### WHAT TO DO
Number of lines with "Mercedes" in the data: give that figure by itself.

Records from a dataset
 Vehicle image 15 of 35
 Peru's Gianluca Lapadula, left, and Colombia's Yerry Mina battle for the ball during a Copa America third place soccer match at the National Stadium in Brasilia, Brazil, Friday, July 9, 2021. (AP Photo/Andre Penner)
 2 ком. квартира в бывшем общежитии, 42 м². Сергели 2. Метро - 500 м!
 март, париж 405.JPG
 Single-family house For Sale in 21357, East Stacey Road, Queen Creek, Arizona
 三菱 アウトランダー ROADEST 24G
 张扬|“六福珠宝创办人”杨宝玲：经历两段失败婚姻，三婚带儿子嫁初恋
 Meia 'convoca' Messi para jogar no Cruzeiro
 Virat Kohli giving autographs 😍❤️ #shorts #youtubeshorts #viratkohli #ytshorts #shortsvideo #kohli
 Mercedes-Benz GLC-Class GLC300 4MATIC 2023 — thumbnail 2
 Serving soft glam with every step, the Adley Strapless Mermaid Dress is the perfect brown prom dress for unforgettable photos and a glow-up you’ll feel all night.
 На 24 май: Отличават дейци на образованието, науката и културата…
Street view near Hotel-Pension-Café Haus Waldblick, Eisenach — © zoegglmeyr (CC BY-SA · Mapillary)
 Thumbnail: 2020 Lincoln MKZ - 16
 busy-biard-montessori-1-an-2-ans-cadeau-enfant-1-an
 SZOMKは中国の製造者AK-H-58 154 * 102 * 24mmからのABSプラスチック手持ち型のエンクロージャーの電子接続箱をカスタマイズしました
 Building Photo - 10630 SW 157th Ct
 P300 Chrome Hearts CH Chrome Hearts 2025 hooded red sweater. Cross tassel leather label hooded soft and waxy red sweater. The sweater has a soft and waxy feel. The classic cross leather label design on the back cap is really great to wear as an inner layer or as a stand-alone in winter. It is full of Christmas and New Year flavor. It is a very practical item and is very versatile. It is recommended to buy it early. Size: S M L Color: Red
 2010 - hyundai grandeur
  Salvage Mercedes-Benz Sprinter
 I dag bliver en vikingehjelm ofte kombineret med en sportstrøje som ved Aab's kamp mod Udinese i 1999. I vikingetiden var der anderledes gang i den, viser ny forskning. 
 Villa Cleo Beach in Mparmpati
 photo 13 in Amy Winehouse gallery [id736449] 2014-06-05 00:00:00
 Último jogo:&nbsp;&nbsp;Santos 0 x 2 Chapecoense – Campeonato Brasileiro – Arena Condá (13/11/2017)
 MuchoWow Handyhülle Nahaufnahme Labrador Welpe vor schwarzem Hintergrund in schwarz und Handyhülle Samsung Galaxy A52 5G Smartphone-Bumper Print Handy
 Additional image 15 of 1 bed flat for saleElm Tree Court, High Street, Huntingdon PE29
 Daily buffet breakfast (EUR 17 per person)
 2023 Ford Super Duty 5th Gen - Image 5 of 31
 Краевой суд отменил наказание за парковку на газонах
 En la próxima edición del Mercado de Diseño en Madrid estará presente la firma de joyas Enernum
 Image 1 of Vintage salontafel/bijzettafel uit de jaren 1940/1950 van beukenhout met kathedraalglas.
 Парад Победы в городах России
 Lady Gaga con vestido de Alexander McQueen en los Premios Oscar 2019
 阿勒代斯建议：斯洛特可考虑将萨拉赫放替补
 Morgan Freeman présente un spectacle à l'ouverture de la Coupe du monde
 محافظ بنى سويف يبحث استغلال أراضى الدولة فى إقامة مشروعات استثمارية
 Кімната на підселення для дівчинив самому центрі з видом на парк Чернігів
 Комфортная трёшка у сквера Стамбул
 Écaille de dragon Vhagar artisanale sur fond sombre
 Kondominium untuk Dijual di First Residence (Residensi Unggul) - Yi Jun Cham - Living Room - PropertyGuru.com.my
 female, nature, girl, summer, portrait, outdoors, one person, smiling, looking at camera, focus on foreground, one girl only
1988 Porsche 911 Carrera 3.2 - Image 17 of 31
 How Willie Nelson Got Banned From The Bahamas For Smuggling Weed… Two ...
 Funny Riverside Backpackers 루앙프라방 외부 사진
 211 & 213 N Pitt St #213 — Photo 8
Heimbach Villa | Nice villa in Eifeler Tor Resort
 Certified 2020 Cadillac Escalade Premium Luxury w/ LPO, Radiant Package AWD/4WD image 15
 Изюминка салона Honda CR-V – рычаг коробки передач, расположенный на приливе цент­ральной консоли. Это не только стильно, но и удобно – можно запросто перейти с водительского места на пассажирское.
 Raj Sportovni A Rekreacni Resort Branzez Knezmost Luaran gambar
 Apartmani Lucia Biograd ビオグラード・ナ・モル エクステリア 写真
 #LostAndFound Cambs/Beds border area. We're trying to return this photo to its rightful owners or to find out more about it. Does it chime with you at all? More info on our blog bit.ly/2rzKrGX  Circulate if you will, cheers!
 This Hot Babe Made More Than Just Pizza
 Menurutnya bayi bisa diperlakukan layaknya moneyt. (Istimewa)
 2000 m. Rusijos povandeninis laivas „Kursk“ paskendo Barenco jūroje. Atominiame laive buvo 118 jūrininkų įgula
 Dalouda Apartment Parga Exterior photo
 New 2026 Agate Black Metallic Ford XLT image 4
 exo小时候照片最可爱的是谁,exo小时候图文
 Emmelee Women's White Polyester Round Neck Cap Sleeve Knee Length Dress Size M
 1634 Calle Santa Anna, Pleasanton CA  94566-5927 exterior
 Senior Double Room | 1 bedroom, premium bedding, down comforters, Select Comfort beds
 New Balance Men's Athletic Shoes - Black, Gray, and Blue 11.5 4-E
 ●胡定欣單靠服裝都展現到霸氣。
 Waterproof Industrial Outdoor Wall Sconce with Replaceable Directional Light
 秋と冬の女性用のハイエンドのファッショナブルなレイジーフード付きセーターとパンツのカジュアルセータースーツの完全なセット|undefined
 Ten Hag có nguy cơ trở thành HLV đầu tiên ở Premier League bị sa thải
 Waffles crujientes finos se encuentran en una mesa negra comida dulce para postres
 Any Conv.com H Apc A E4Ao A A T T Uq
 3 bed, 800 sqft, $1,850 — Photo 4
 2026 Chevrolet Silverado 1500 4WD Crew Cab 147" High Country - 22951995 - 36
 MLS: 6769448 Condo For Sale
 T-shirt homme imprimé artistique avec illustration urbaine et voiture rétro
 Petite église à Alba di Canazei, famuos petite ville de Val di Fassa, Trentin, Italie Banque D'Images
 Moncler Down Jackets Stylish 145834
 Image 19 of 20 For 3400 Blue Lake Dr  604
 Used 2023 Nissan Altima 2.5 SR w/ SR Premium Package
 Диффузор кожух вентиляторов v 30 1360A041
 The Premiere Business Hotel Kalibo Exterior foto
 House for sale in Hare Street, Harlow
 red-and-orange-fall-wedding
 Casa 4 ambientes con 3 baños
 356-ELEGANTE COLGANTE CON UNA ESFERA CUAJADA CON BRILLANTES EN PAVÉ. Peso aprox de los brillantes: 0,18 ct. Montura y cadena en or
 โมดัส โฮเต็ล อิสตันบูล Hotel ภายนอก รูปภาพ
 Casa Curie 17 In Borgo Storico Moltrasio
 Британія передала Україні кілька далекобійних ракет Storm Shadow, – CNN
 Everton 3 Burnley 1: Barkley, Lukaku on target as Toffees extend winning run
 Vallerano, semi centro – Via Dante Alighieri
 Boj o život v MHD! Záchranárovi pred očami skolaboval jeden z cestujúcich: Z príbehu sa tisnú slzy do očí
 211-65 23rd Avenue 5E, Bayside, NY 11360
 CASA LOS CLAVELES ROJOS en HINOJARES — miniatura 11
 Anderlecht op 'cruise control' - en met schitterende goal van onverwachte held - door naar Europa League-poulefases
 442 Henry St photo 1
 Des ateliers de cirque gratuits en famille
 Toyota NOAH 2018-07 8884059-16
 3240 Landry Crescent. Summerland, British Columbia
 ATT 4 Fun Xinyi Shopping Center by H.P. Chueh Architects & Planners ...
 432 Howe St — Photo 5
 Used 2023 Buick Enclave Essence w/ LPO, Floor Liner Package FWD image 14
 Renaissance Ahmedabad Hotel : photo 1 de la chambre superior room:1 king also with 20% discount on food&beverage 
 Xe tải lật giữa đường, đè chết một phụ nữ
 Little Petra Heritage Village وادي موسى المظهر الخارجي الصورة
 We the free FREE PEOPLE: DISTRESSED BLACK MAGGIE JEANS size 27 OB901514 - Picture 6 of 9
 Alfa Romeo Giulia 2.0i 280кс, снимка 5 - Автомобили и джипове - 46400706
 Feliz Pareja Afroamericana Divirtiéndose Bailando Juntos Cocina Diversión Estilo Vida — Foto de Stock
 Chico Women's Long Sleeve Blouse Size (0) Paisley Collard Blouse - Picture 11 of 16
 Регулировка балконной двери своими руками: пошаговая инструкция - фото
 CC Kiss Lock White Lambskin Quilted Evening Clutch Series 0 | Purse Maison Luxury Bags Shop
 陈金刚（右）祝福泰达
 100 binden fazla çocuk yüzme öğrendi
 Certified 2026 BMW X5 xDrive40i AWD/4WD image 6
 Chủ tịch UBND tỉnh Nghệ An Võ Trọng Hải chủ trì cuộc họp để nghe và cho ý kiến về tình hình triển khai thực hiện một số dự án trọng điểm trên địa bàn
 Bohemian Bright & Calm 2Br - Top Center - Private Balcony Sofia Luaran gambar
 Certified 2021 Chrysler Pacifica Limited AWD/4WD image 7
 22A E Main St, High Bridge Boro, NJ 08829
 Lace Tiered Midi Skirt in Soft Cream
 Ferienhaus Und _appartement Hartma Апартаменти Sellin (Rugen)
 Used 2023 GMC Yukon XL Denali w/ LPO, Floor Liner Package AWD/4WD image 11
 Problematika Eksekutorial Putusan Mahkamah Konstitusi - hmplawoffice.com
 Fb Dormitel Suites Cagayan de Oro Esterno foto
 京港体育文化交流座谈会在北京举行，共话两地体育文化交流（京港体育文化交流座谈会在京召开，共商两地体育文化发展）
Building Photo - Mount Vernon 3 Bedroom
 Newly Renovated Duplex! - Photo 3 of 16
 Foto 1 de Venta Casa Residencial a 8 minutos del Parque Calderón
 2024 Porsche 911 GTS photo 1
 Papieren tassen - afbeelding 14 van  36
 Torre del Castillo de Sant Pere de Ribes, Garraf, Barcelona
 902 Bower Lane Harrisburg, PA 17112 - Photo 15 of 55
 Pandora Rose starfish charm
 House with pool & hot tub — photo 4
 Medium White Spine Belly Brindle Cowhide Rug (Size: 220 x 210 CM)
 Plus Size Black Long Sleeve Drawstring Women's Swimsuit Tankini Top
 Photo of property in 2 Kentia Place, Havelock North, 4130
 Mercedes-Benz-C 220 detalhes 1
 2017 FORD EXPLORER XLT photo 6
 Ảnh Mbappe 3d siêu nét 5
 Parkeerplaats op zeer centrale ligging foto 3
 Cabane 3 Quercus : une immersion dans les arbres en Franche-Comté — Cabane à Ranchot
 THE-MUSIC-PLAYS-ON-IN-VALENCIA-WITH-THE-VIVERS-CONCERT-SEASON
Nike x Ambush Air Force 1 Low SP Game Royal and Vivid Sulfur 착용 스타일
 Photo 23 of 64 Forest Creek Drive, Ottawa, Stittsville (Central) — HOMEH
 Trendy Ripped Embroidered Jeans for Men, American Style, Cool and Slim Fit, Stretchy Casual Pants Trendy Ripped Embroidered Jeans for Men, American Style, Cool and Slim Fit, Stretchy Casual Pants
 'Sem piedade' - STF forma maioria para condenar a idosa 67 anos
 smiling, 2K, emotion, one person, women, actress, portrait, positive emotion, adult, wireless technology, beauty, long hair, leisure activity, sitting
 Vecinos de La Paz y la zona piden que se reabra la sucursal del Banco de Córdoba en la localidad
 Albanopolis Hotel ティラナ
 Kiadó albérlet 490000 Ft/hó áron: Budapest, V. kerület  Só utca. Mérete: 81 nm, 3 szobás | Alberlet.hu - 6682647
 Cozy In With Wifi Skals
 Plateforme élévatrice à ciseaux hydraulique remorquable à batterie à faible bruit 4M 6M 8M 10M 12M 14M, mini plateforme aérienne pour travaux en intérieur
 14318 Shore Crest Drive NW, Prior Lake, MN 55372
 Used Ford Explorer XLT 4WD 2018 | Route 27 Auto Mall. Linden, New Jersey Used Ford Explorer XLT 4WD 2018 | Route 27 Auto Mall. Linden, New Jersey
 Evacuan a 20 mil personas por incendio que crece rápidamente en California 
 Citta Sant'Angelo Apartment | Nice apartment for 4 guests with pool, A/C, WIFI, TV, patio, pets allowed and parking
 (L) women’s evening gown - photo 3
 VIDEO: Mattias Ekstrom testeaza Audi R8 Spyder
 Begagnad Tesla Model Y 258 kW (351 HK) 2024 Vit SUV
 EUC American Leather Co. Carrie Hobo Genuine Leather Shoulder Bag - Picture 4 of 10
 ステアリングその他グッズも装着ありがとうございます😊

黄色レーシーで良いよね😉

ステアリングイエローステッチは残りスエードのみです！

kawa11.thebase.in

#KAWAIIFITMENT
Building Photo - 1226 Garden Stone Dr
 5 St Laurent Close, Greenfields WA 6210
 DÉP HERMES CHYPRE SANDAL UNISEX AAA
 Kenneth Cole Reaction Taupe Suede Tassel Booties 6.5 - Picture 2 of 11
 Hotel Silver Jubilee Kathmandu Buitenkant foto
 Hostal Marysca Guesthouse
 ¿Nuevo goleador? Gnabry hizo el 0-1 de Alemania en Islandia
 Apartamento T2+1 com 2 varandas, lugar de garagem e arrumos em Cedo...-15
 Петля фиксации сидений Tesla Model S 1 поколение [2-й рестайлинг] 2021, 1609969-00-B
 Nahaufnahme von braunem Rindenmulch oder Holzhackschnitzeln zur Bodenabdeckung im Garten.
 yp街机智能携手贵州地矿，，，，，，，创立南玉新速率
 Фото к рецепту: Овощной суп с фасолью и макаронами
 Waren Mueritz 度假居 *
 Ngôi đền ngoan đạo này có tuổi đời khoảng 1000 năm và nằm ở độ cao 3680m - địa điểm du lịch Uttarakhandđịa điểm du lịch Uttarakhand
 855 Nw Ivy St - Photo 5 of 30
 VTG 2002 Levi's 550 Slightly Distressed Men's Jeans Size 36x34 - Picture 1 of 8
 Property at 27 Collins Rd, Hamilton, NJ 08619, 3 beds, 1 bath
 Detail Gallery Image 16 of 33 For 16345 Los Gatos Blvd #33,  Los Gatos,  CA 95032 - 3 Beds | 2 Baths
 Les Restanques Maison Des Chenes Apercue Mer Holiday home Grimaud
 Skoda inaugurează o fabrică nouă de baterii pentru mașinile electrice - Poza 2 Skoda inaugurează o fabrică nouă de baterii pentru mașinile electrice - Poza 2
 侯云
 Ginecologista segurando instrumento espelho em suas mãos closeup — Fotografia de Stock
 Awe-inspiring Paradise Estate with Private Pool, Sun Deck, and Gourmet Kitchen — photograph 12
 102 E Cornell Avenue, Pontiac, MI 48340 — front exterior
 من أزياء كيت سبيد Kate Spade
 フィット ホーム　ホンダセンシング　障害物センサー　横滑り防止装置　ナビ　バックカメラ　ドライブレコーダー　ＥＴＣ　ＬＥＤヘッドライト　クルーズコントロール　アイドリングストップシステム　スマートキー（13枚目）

### RESULT FOR THIS EXERCISE
3